The unwanted magazine subscriptions are piling up at our house this election season. There’s a big stack of magazines (and the bills that go with them) sitting on my desk that my wife and I will have to sort through and methodically cancel when we have time. (You call a toll-free number and wait forever on hold to speak with a representative). For now, we can’t do that, because we’re too busy with work deadlines and our son’s last two weeks of school before summer break.
It is anonymous political bullying of our family — signing me up for subscriptions to Seventeen and Men’s Fitness — because of my blog. (I have never run for political office, mind you). I have been bullied and ridiculed on the hard-right political blogs — “Rebane’s Ruminations” and Juvinall’s “Sierra Dragon’s Breathe (sic),” among them — by anonymous posters. It includes comments joking about my personal appearance, name-calling, ridiculing my work and so on. The posts aren’t monitored.

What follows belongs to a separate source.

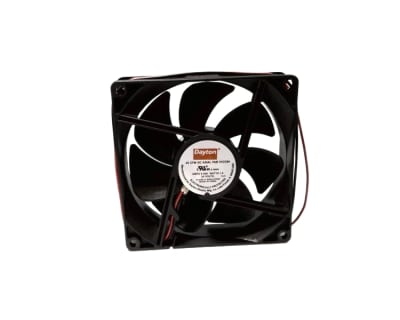 GRAINGER 31CC84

I guess they are bullying me in hopes that I’ll stop writing about our dysfunctional local politics and their role in sustaining it. A novelist such as Tom Wolfe would have a field day with our local politics. You can’t make this stuff up.
Political bullying has become a way of life in our western county — largely from the hard right and “good old boys” — and it is quietly tolerated by people who should know better. This is a regular theme on this blog. It is an ugly side of our community and a real eye opener for some newcomers.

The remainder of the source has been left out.